Klarinet Archive - Posting 000017.txt from 2001/11

From: Tony@-----.uk (Tony Pay)
Subj: [kl] Jourdain and Jackendoff
Date: Thu, 1 Nov 2001 13:29:51 -0500

On Wed, 31 Oct 2001 16:26:00 -0600, sjh@-----.edu said:

> > Tony Pay writes:
> >
> > > My point would only be that Dan and his (fictional?) opponent just
> > > haven't between them come up with a sufficiently rich theory of
> > > how music works. That's not surprising, because *no-one* has come
> > > up with much of a theory about that.
> >
> > Stan Geidel writes:
> >
> > For a fascinating discourse on how music works and why we respond to
> > it as we do, see: Music, the Brain & Ecstasy : How Music Captures
> > Our Imagination, by Robert Jourdain.

> I suggest _A Generative Theory of Tonal Music_ by Fred Lerdahl and Ray
> Jackendoff, which attempts to deal with the same topics but filtered
> through Schenkerian theory, psychology, and linguistics.

I haven't read Jourdain, which I'll try to rectify; but it seems to be
necessary to import it to the UK at some expense.
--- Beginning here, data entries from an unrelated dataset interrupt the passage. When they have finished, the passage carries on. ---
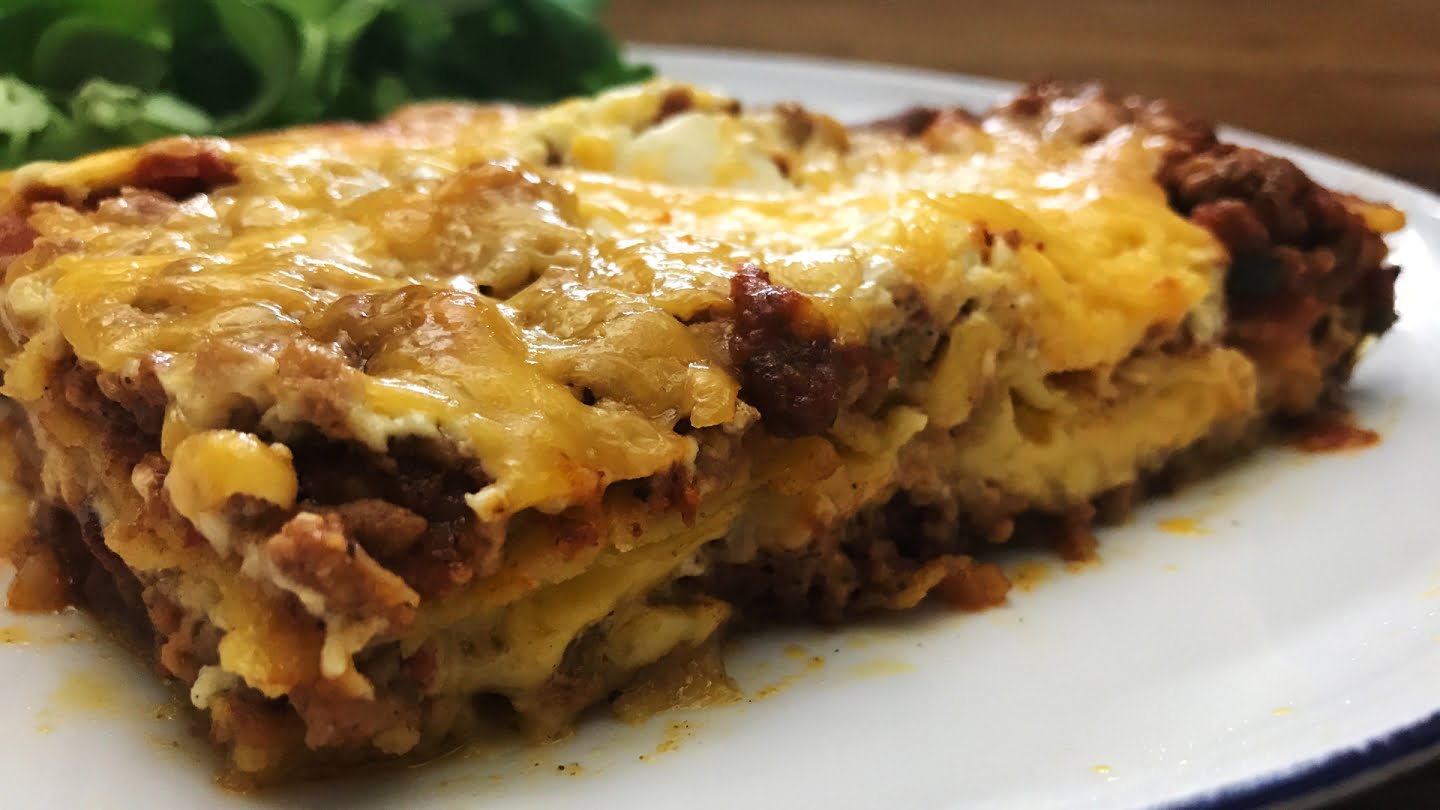 mexican lasagna loaded with a succulent meat mixture, layered with crispy corn tortillas, and smothered with shredded cheddar cheese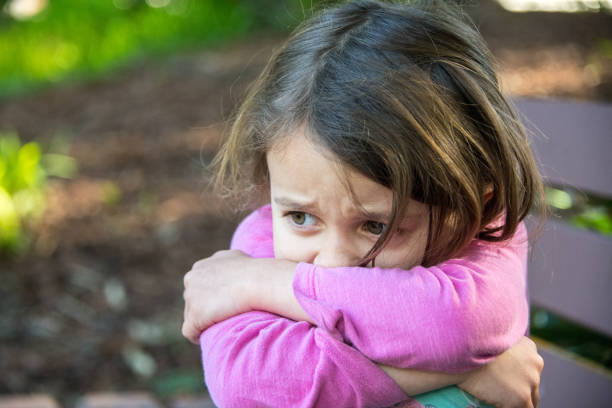 sad little girl looking down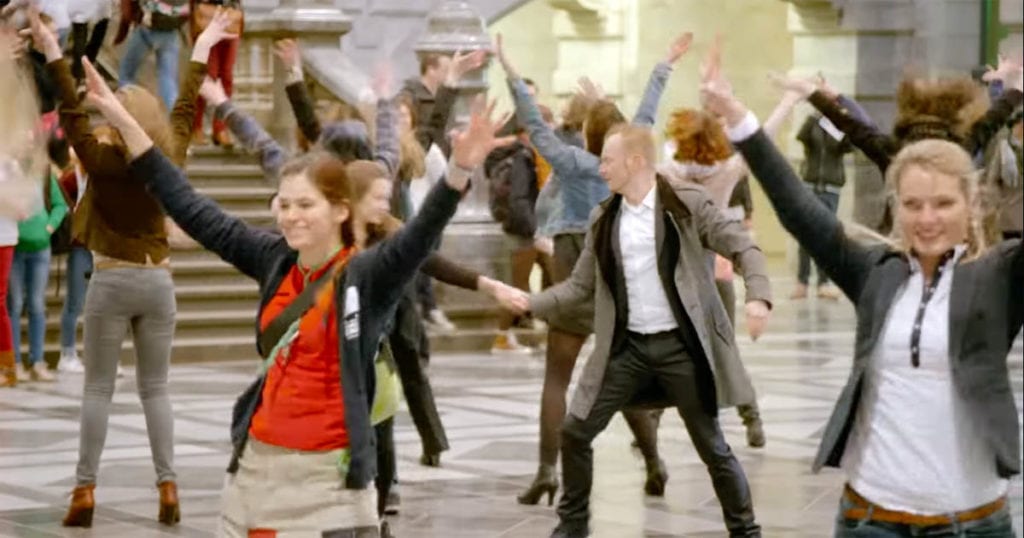 Crowd performs perfect Greasethemed flash mob in Belgian train station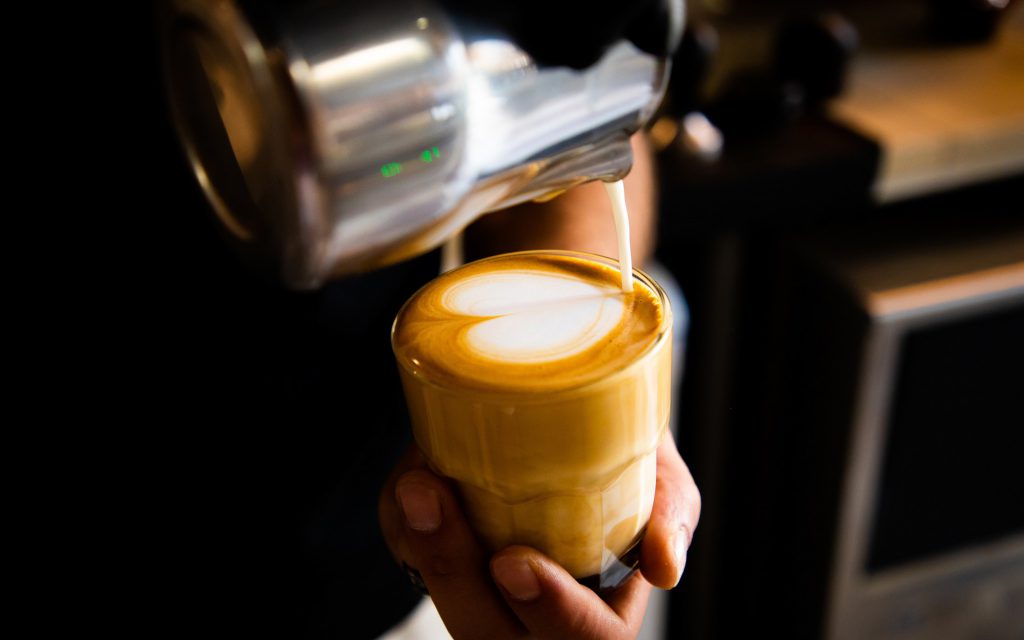 A barista pours latte art onto a coffee in Japan.
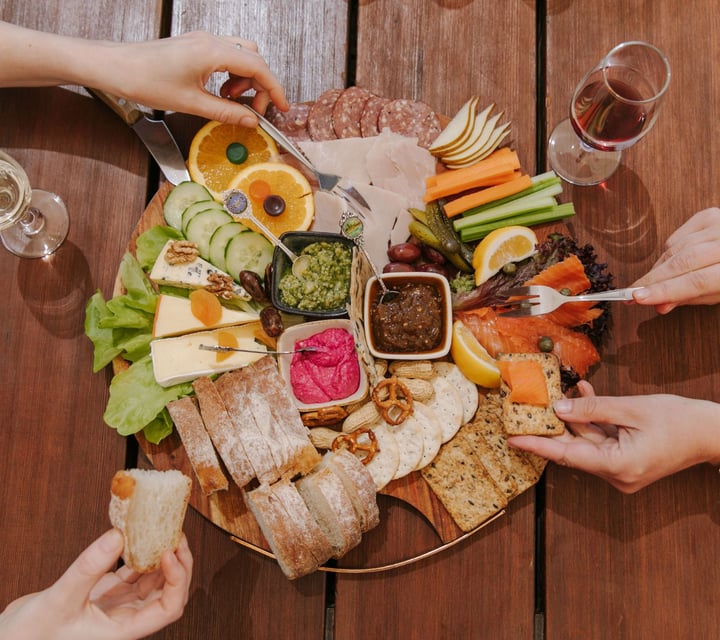 A brids eye view image of a cheese and crackers board with people eating it.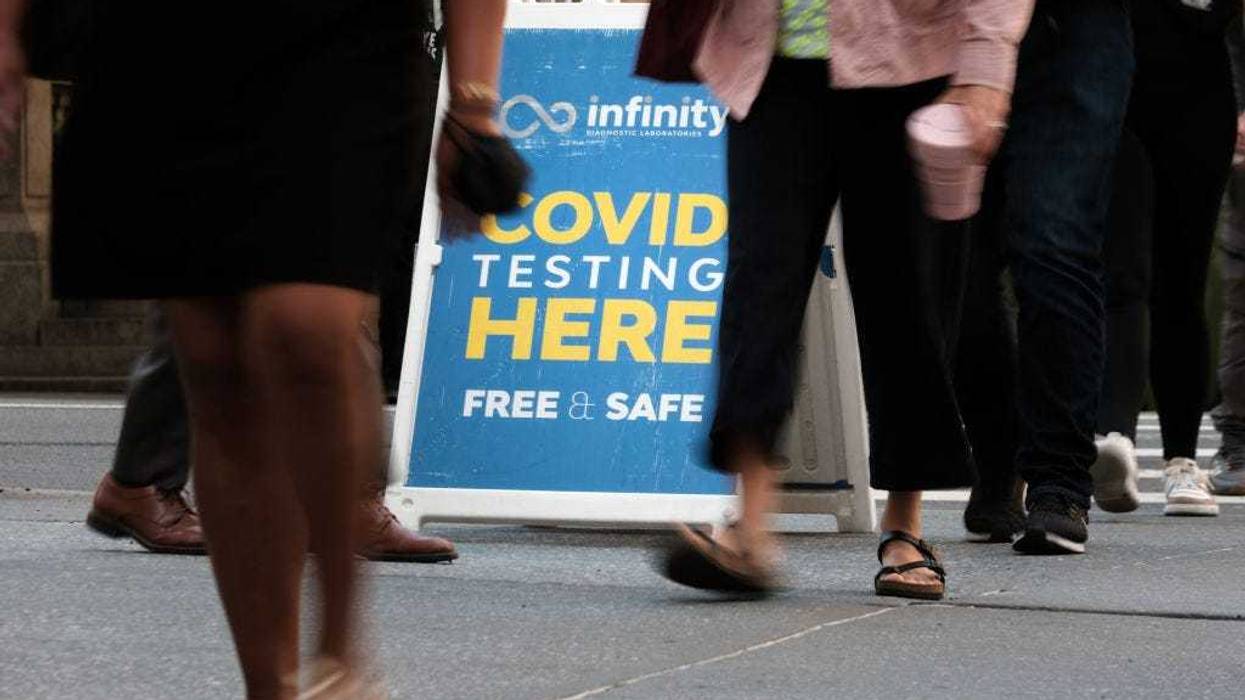 People walk past a Covid testing site on May 17, 2022 in New York City.
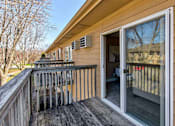 Thumbnail 19 of 22 - a porch with a sliding glass door and a deck at Lake Shore Park, Ankeny, IA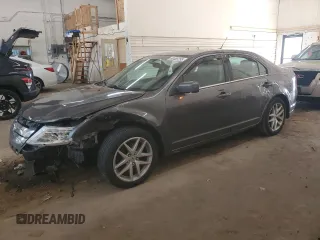 2012 Ford Fusion SEL z VIN 3FAHP0JA7CR134570, wystawiony jako Copart lot #60485255 z przebiegiem 226 830 mil mil oraz Szkoda całkowita • Salvage title. Historia ofert i sprzedaży dostępna na DreamBid. Obrazek 1.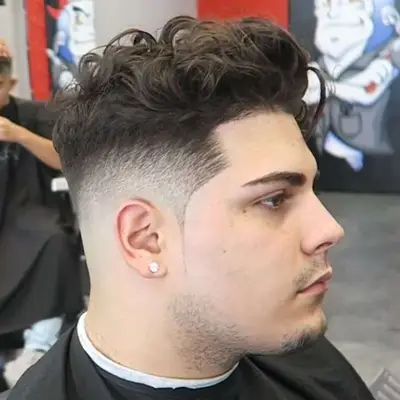 Side view of man with bald fade haircut with voluminous curly top and ice pick sideburns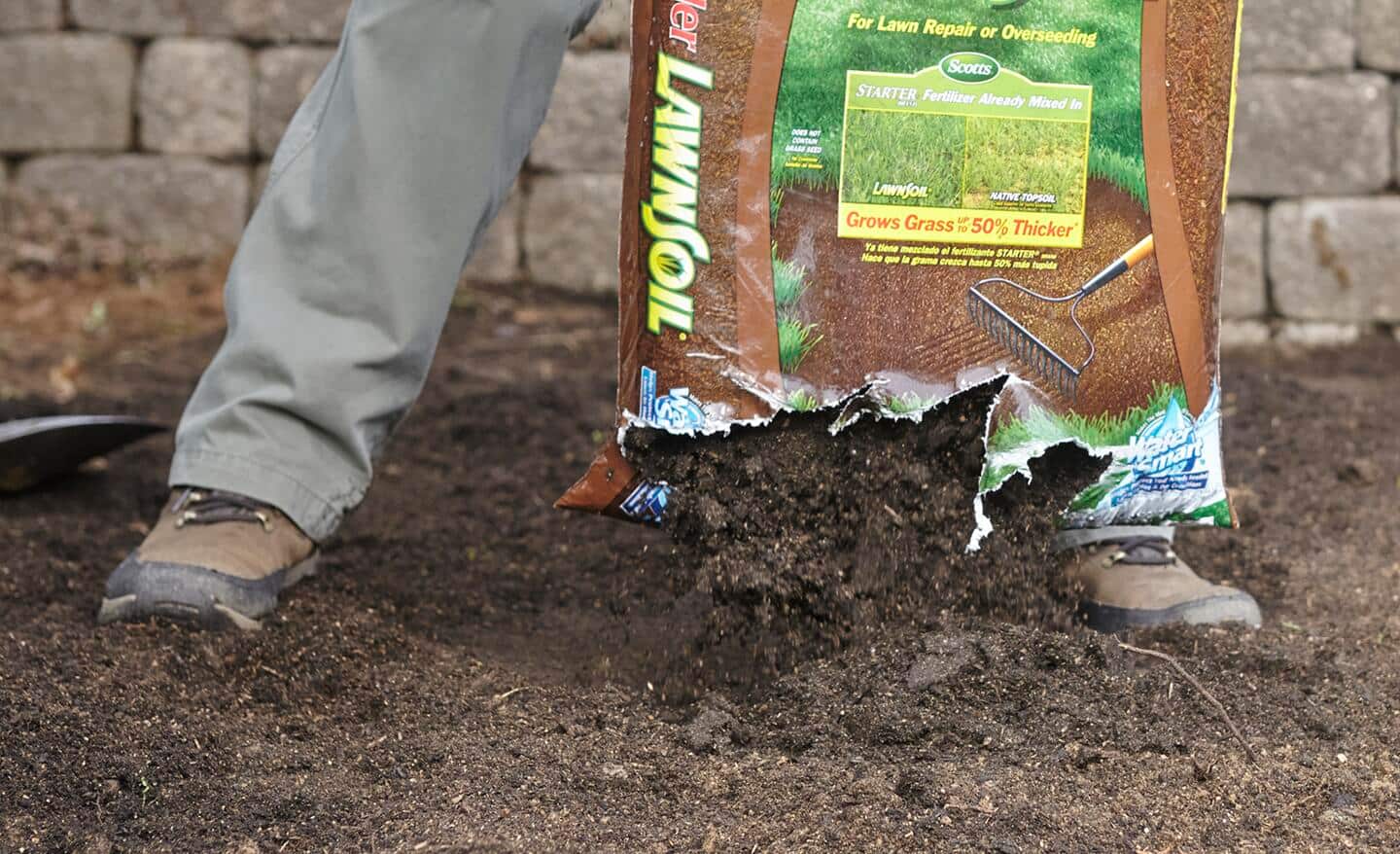 A person adds topsoil to a shallow hole in outdoor soil.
Lerdahl and Jackendoff GTTM I never quite got through in its entirety,
but I've read the shortened synopsis in Jackendoff's 'Consciousness and
the Computational Mind', chapter 11 (Levels of Musical Structure) and
its slight extension in his 'Languages of the Mind', chapter 7 (Musical
Parsing and Musical Affect). These are to be recommended to anyone not
feeling up to GTTM itself.

When I wrote, above, "a sufficiently rich theory of how music works", I
was thinking about the bit to do with why we like it, and I suppose
that's what Jourdain would mostly be talking about. GTTM and Jackendoff
seem to me to contribute very substantially, mainly to the analytical
side; but there's a wonderful bit on affect in the references by
Jackendoff himself, about why we can still be 'surprised' and delighted
by the good bits in pieces we already know. He also hints at a level of
'body representation' in the first reference, as pointing towards why
music engages with our emotions, and he has something to say about why
connections between analysis and affect are difficult to make:

"One may still be skeptical [about whether the linguistic approach of
GTTM bites], in that musical responses are somehow felt as more direct,
more primal, than linguistic or visual responses. The reason for this,
I think, is that musical representations do not lead ultimately to the
construction of conceptual structures. Since it is the presence of
conceptual structures that makes verbalization possible, the musical
response in large part simply cannot be verbalized. Having less verbal
access to it and to the steps in its derivation, we find it less
describable yet phenomenologically more immediate and intuitive.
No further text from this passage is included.